# Experiments for "DBSpan: Density-Based Spanner for Clustering Complex Data, With an Application to Persistence Diagrams"

To get started, we will do a little bit of path hackery to import the library.  There are better ways to do this, but for now, this is okay.

In [None]:
import random
import sys
import os

libpath = os.path.abspath('..')
sys.path.insert(0, libpath)

import dbspan

We will do a bunch of comparisions of DBScan and DBSpan, so it will help if we have some code for making the algos

In [None]:
def make_algos(eps, min_samples, delta):
    dgm_metric = dbspan.topology.DiagramMetric()

    def dgm1_metric(dgm1, dgm2):
        return dgm_metric.bottleneck(dgm1[1], dgm2[1])

    algo_dbscan = dbspan.cluster.DBSCAN(metric=dgm1_metric, eps=eps, min_samples=min_samples)
    algo_dbspan = dbspan.cluster.DBSpan(metric=dgm1_metric, eps=eps, min_samples=min_samples, delta=delta)

    return algo_dbscan, algo_dbspan

## Experiment 1: Point clouds of things in 4D

First, we will create some tools for creating dgms of things in 4D.  Each function will produce a diagram from a rips filtration of a "noisy" sphere, torus, or swiss roll.

In [None]:
data_factory = dbspan.topology.PointSetDataFactory(seed=72330)
dgm_factory = dbspan.topology.DiagramFactory()

rng = random.Random(43081)

def make_sphere_dgm():
    points = data_factory.make_sphere(dim=4, num_points=100, noise=.1)
    return dgm_factory.make_from_point_set(points)

def make_torus_dgm():
    points = data_factory.make_torus(dim=4, num_points=100, noise=.1)
    return dgm_factory.make_from_point_set(points)

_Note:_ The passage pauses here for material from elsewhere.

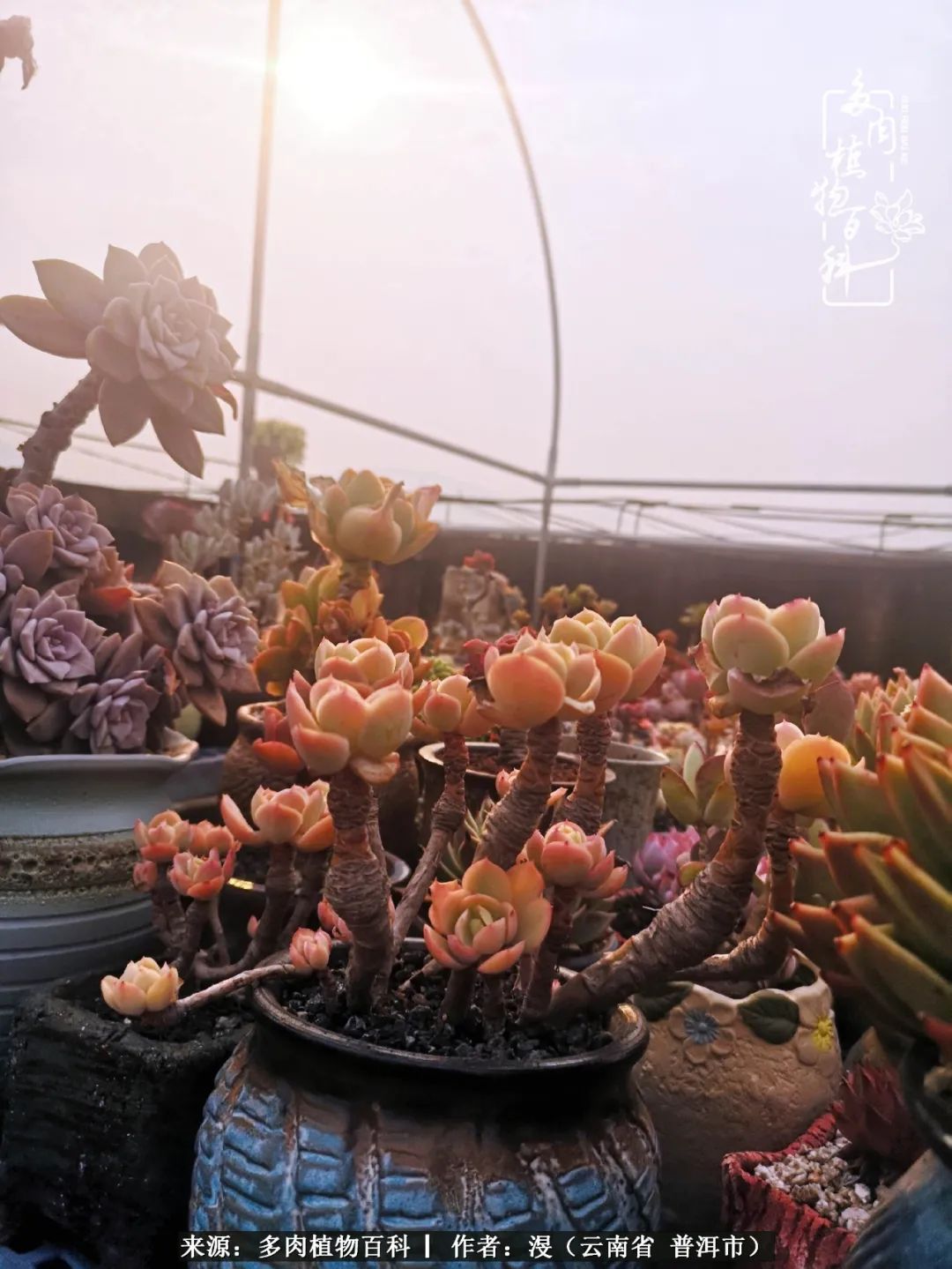 风过留痕讲的啥,风过留痕朗诵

def make_swiss_roll_dgm():
    points = data_factory.make_swiss_roll(dim=4, num_points=100, noise=.1)
    return dgm_factory.make_from_point_set(points)

Now that we have some functions for creating data, let's create our data set that we will cluster:

In [None]:
dgms = [make_sphere_dgm() for _ in range(10)] \
    + [make_torus_dgm() for _ in range(10)] \
    + [make_swiss_roll_dgm() for _ in range(4)]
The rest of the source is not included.